There is one day left until the May 15 presidential election and anxiety is mounting with uncertainty over who will be Somalia’s next president.

The indirect election, which has dragged on for a year and a half, has created unease throughout the country, especially since the people have no control over the process.

A dozen politicians, mainly the five regional state leaders and the prime minister, had the exclusive power to select who will seat at the 11th parliament, in clear violation of the rules stipulated in the September 17 agreement.

The Somali public witnessed a sham election that bordered on the ridiculous. There were however many first, mostly bad precedents, in these elections.

It took almost 8 months to painfully select 54 senators and 275 MPs who, fortunately for the first time, elected a woman, Sadia Samatar, as vice-president of the Lower House.

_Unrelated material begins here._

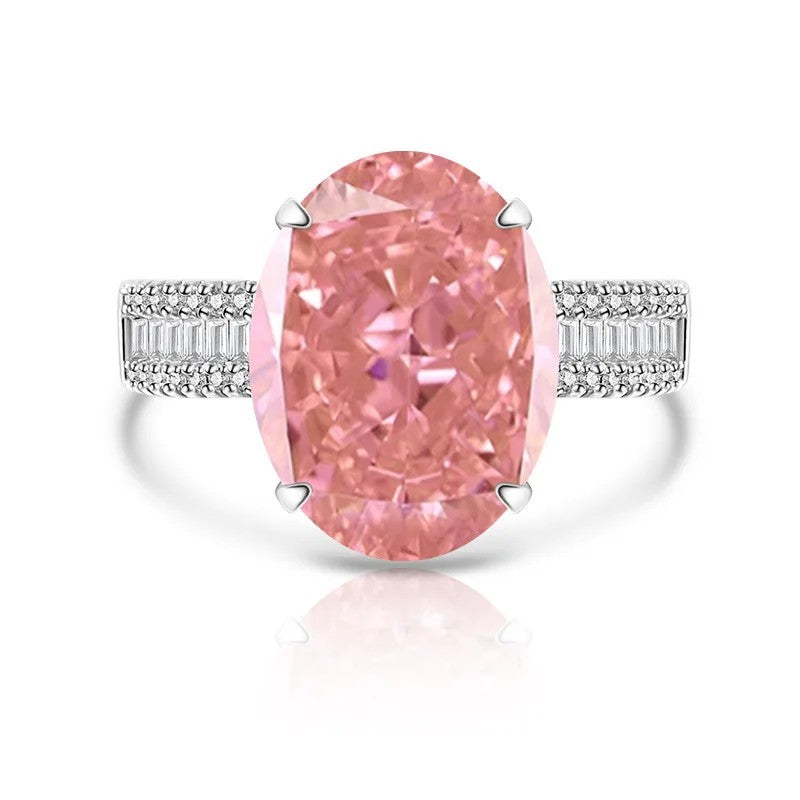 Oval Zircon Statement Ring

Also, a record number of 39 presidential candidates registered paying the required $40, 000 registration fees. Among these candidates, a woman, former foreign minister Fowsiya Yusuf, from the Somaliland region, is vying to be Somalia’s first female president.

Obstacles, such as high registration fees and the requirement of twenty lawmakers’ endorsement, imposed by Parliament to limit the number of candidates unfortunately did not have the desired effect.

These hurdles only prevented serious candidates with a strong program but with no backup from interest groups or foreign countries like Kenya, the United Arab Emirates and Djibouti.

On May 9th, former foreign minister Mohamed Abdirizak withdrew from the race lacking integrity.

In a speech posted on his campaign website, he lamented that “accepting campaign funds that go against the long-term interest of the Somali people would betray all that I hold dear…”

Tomorrow, May 15, the 11th parliament’s 329 members, including members unlawfully selected in a Kenyan army base in Elqalow, will cast vote to choose Somalia’s 10th president.

This event is causing great distress among Somalis inside and outside the country as they see foreign hands, unrestricted foreign money and corrupt politicians are about to shape their future.

The election venue in the highly militarized Halane compound in Mogadishu will be guarded by African troops operating under ATMIS while Somali police will be stationed outside.

In addition, millions of dollars are said to have changed hands to buy MPs’ voting intentions in recent days. Most of the money comes from Abu Dhabi and passes through Dahabshil Bank, a bank accused of having links with Al-Shabab.

For many well-known politicians who have lived on this dirty money for some time, it would be hard to resist the huge amount of money being handed out to lawmakers.

The people is counting on a dwindling number of lawmakers with integrity to make the right choice for the good of the nation. In fact, Somalis from all walks of life, on the streets and on social media, are voluntarily campaigning for Mohamed Abdullahi Farmajo.

Indeed, the incumbent president is admired for his uncompromising stance on unsolicited foreign interference and rampant corruption that has drained public funds. He is also lauded for the genuine patriotism he has shown so far.

Compared to former Somali leaders who are now candidates, Farmajo is the only candidate with an intact legacy of strengthening security, skillfully managing public finances and respecting public property.

Somalis also believe Farmajo’s victory is a step forward for Somalia’s sovereignty. The country is currently grappling with the Western nations’ shenanigans using the stringent UN Charter’s Chapter 7 and invasive sanctions to keep Somalia under permanent international scrutiny.

All the more, the last two years, delays in election were caused by parties, local and foreign, trying to prevent a scenario where Farmajo would be reelected.

Somali public believe Parliament should vindicate Farmajo for his ordeal of the last few months under foreign pressure and a corrupt prime minister used as a proxy by overwhelmingly voting for his re-election.